Serving Size: 1 panna cotta with 2-tablespoons sauce
Active Time: 20 minutes
Total Time: 8 hours 20 minutes
Total Time (mins): 500
Chill this silky custard recipe until firm. To serve, unmold onto a pool of luscious blueberry sauce. Impressive and delicious!

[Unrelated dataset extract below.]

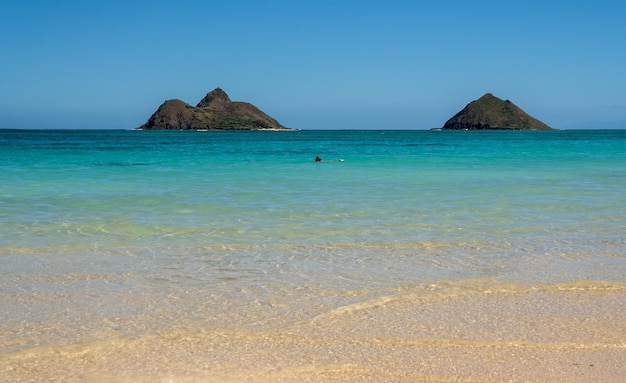 Nuotatore solitario sulla spiaggia di Lanakai con le isole Moku Nui e Moku Iki sullo sfondo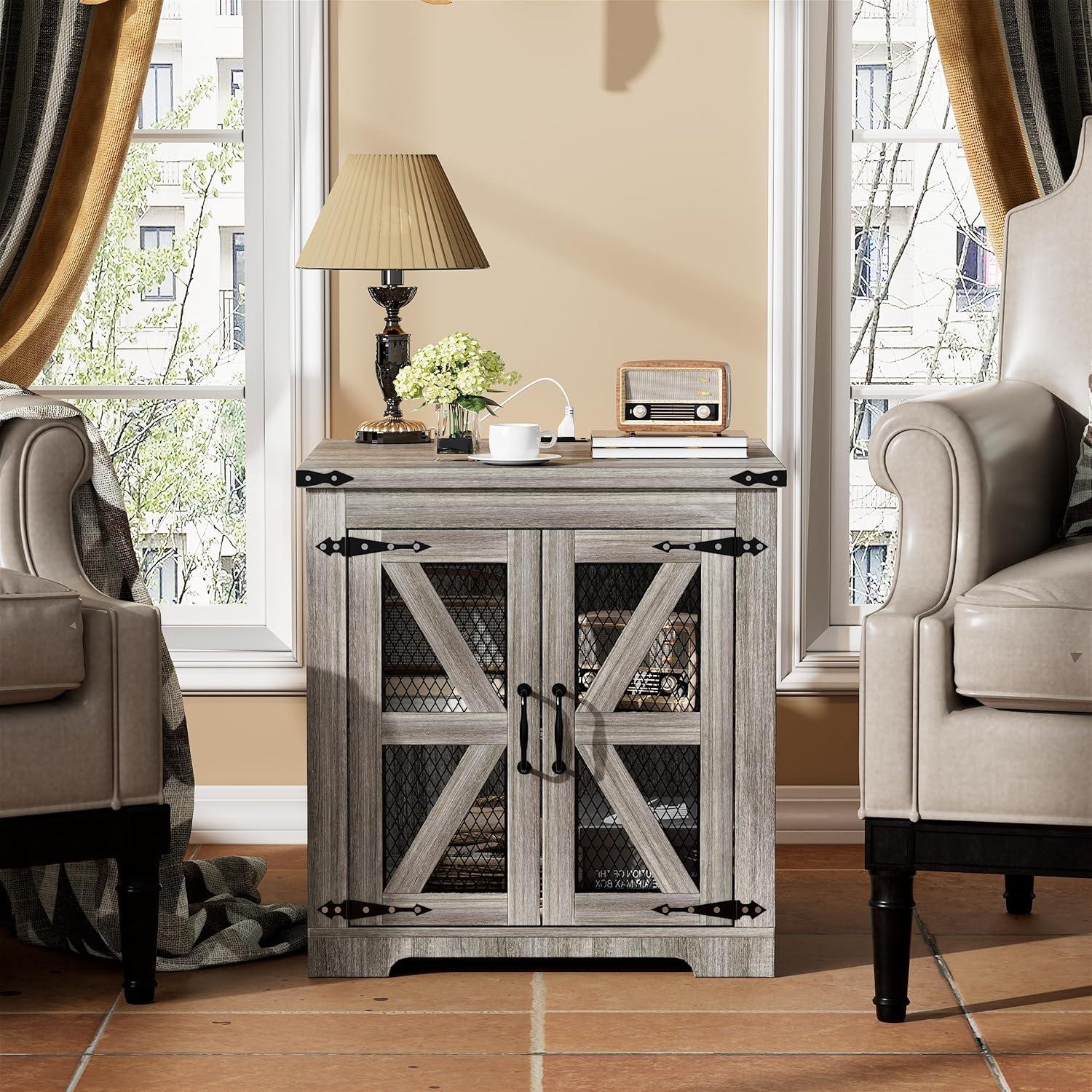 Rustic Gray Wood Farmhouse End Table with Charging Station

- 1 envelope unflavored gelatin (2 1/2 teaspoons)
- 1/4 cup cold water
- 2 cups reduced-fat milk (2%)
- 4 tablespoons sugar, divided
- 1/8 teaspoon salt
- 4 teaspoons amaretto or several drops almond extract
- 1 cup frozen blueberries
- 2 tablespoons orange juice
- 1/4 teaspoon cornstarch
- 1/4 teaspoon vanilla
- In a small saucepan, sprinkle gelatin over the cold water. Let stand for 3 minutes to soften. Cook and stir over medium heat until gelatin is dissolved. Stir in milk, 3 tablespoons sugar and the salt. Cook and stir just until milk is heated through and sugar is dissolved. Stir in amaretto (or almond extract). Pour into four 6-ounce custard cups. Cover and chill about 8 hours or until firm.
- In another small saucepan, combine blueberries, orange juice, the remaining 1 tablespoon sugar and the cornstarch. Cook and stir over medium heat until slightly thickened and bubbly. Cook and stir for 2 minutes more. Stir in vanilla. Transfer to a small bowl. Cover and chill until ready to serve.
- To serve, run a thin knife around the edge of each panna cotta; unmold onto individual plates; top with sauce.
Per serving: 168 calories; 3 g fat (2 g sat, 1 g mono); 10 mg cholesterol; 25 g carbohydrate; 23 g total sugars; 10 g protein; 1 g fiber; 137 mg sodium; 221 mg potassium.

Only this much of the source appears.